Yes, I was confused on the led part

#### hevans1944

##### Hop - AC8NS
Jun 21, 2012
4,864
The following is a true story from my past. While attending grade school, around the time that the Soviet Union launched their Sputnik low-earth-orbiting satellite, the first of its kind in the world, one portion of our school week was devoted to Science. IIRC, that particular week we were studying electricity and how it could be used to make a magnet you could "turn on" and "turn off" just by supplying or interrupting current to a coil of wire wrapped around a piece of soft iron. Up until then, our class only had experience with permanent magnets, such as bar magnets and horseshoe-shaped magnets. Teacher decided we should make our own electromagnets as a homework assignment, and bring them to class for a "show and tell" demonstration.

Now most of the students in this semi-rural Tennessee middle school were farmer's boys and girls. About as close as they every got to electricity was jump-starting Daddy's tractor. However nails were abundant on farms, as was soft-drawn copper bailing wire. The only difficult thing to come by was a No. 6 size zinc-carbon dry cell with screw-terminal binding posts. These were very expensive, considering how little the children earned selling "butter an' aigs". Still, not to appear like they couldn't afford to do this homework project, most of the students dutifully purchased a No. 6 dry-cell and made their "electromagnet" by scramble-winding copper wire around a nail... with their father's permission of course.

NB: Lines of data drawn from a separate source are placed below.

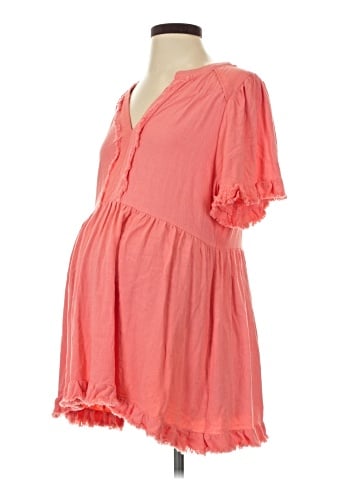 Umgee Short Sleeve Blouse (view 1)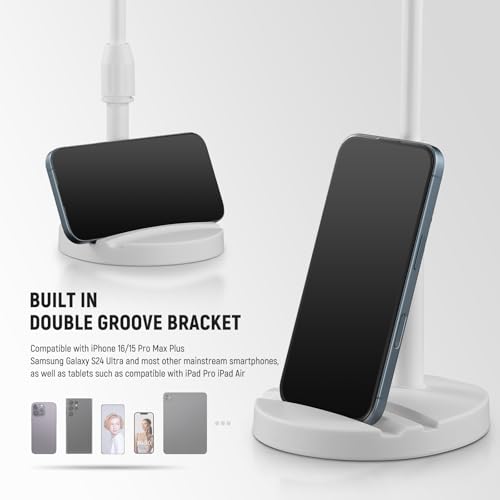 Image of NEEWER BASICS 5 inch /13cm Desk Ring Light with Stand, 10W LED Selfie Light with Phone Holder Base Compatible with iPhone for Video Recording Laptop Webcam Zoom Video Conference Lighting Makeup, White BR60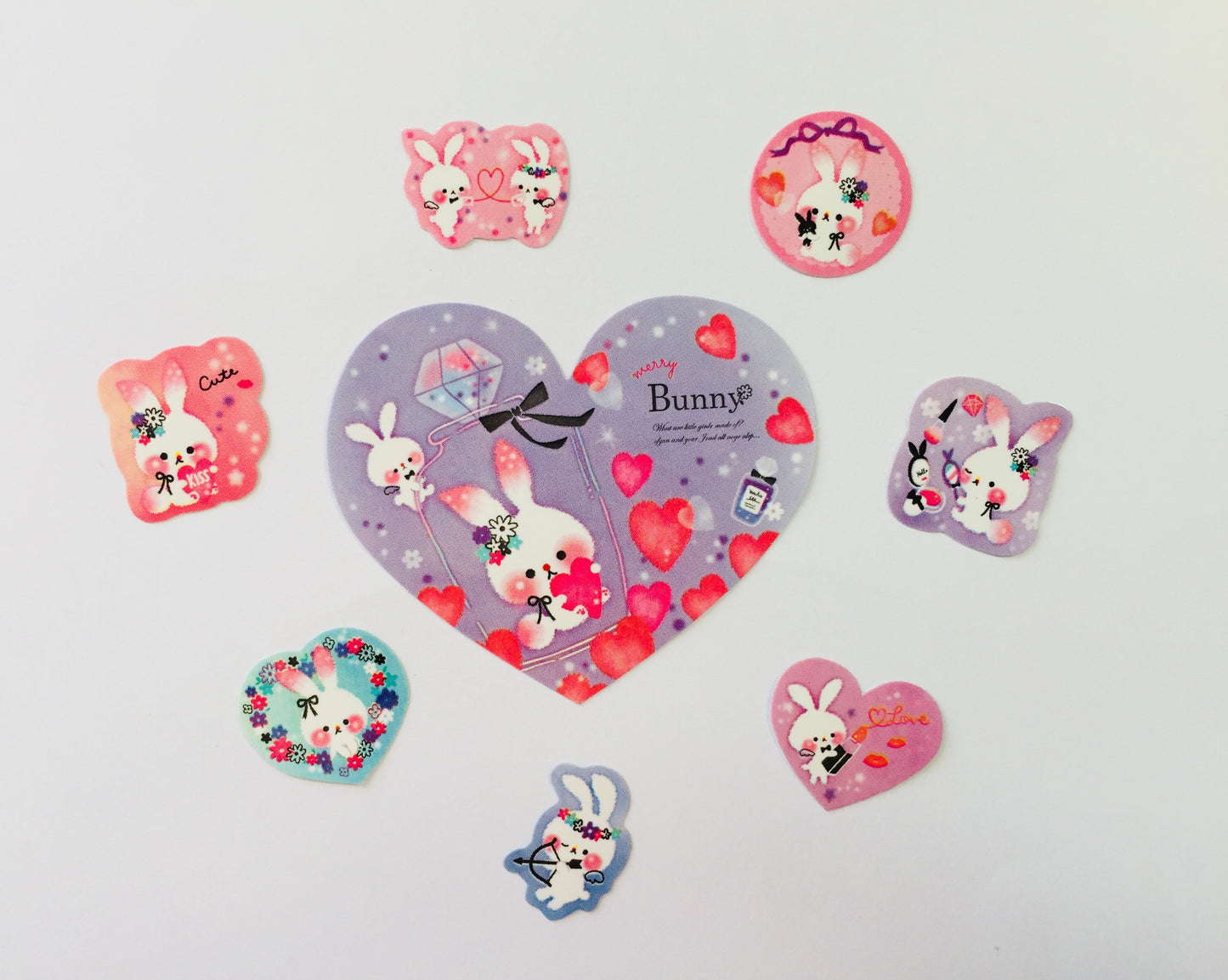 Merry Bunny Sticker Flakes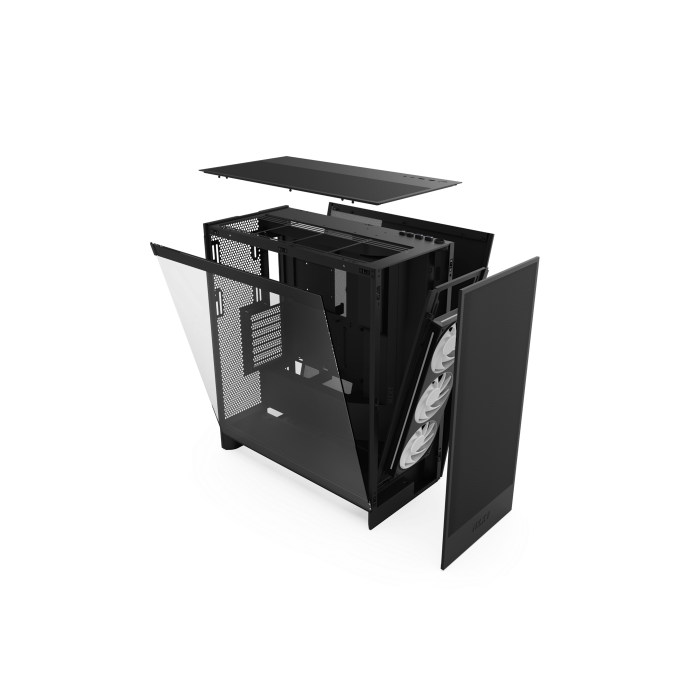 NZXT H7 Flow RGB Midi Tower Negro 4 NZXT H7 Flow RGB Midi Tower Negro 4
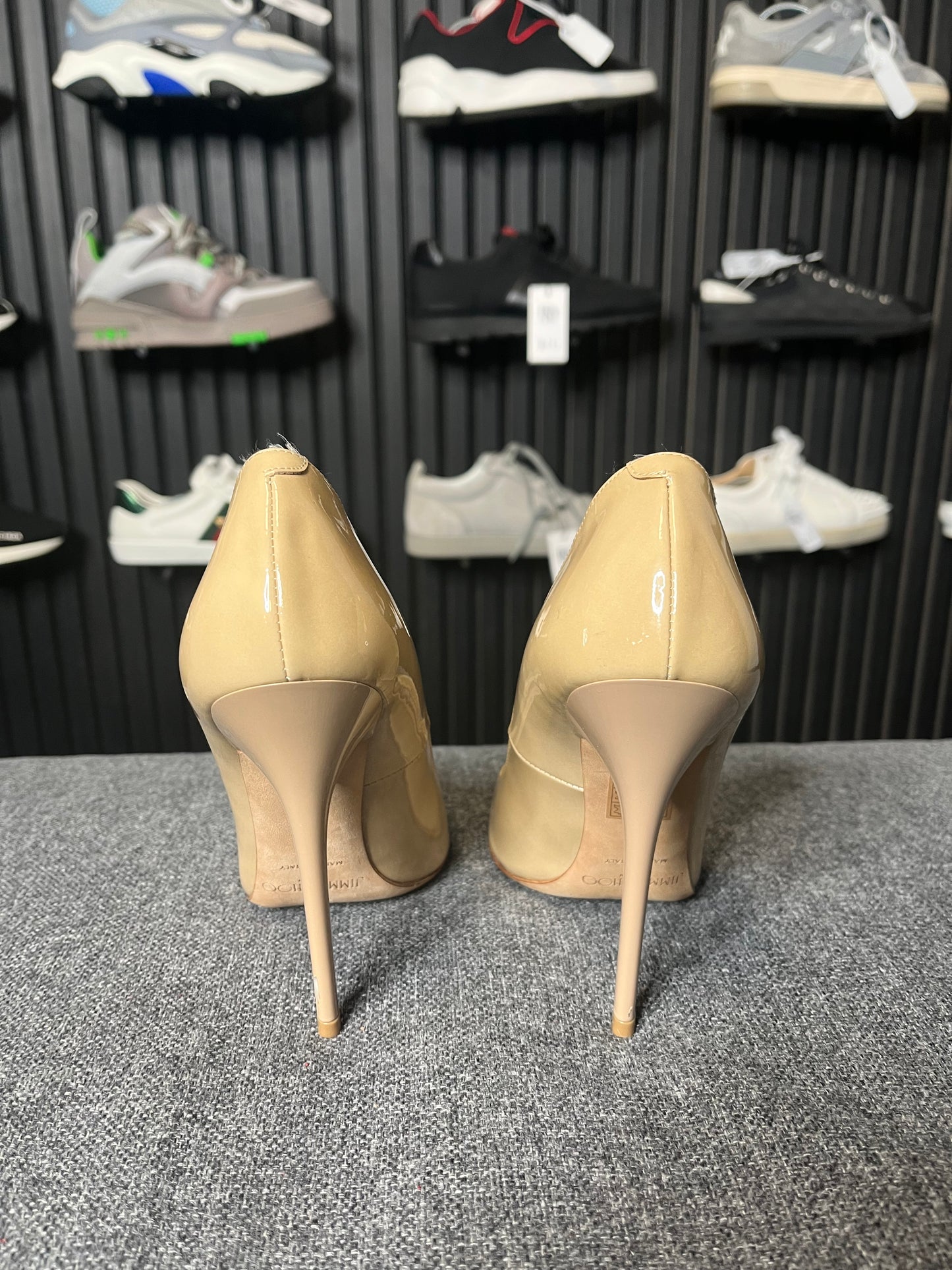 Jimmy Choo Nude Patent Heels UK 3 3273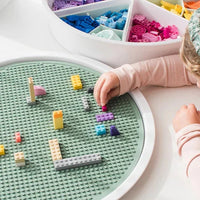 Inspire my play TRAY green building block mat b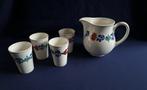 Boerenbont melkbekers met melkkan, Overige typen, Ophalen of Verzenden, Zo goed als nieuw, Aardewerk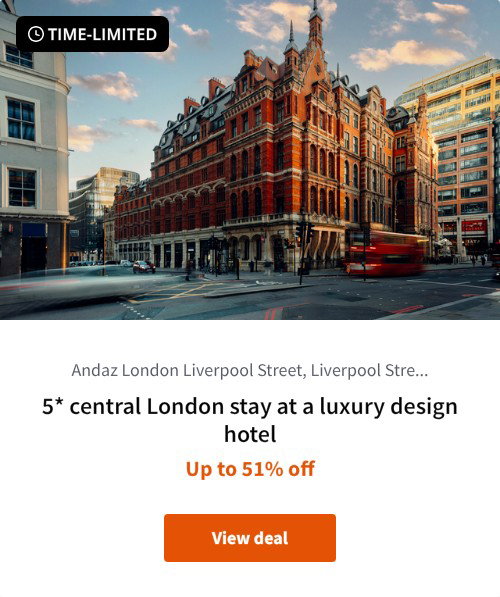 5* central London stay at a luxury design hotel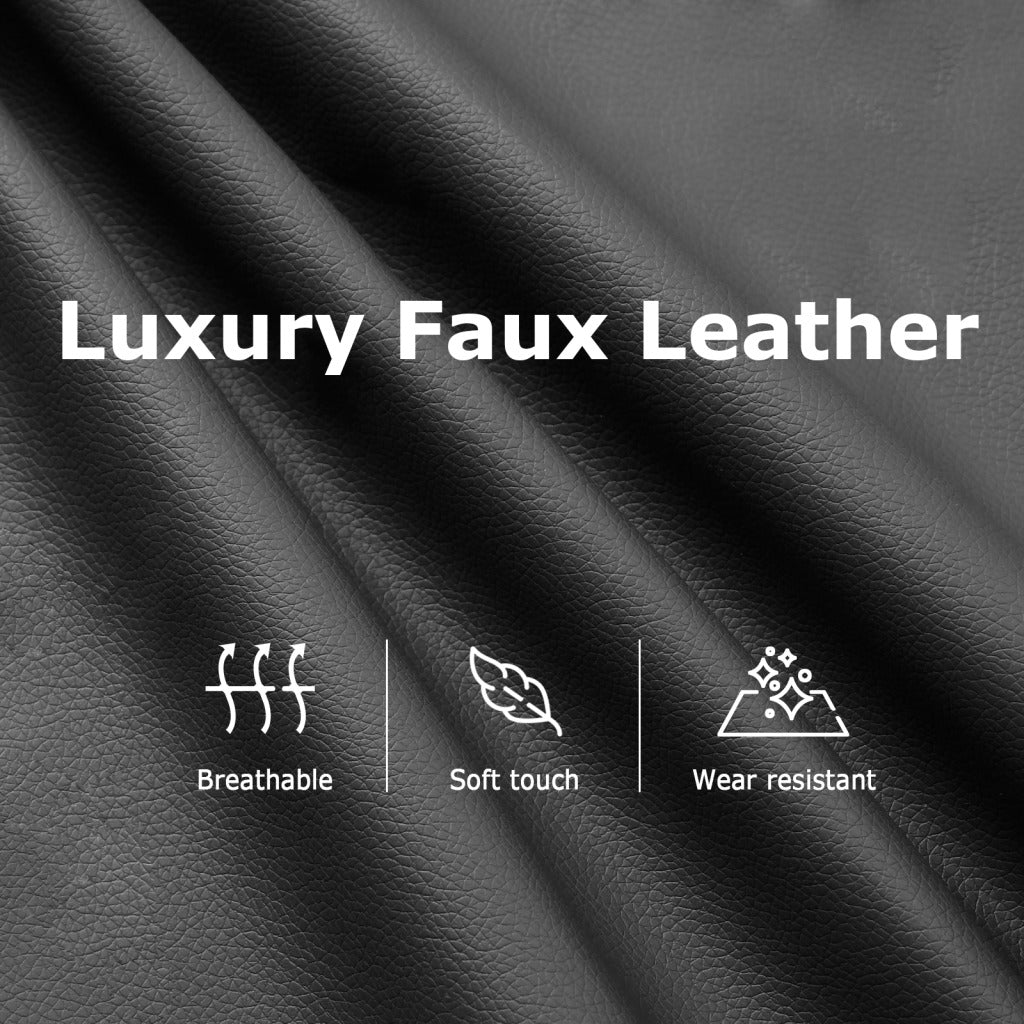 vidaXL Swivel Recliner with Ottoman Brown Faux Suede Leather-0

On the day of "show and tell" one of the children complained that his "magnet" wouldn't "pick up" anything... not even a small paper clip. And the wire and dry-cell battery became very hot when he tried. Closer examination revealed the cause. The copper bailing wire, while a good conductor of electricity, was not insulated. Instead of having a few hundred turns of insulated wire wrapped around the nail, the student had wrapped a few hundred turns of bare copper wire around the nail, effectively shorting out the battery! Either he wasn't paying attention when teacher explained why insulated wire was necessary, or teacher somehow forgot to mention it. It was a sad day for the child, who had invested what seemed to him to be a lot of time and money into this homework project. I don't remember whether he was made the butt of cruel jokes that day by his fellow classmates, but that was the norm in this school. Everyone else had built electromagnets that actually worked, some stronger, some weaker, than others. This student was the only one in class whose homework assignment was a total fail.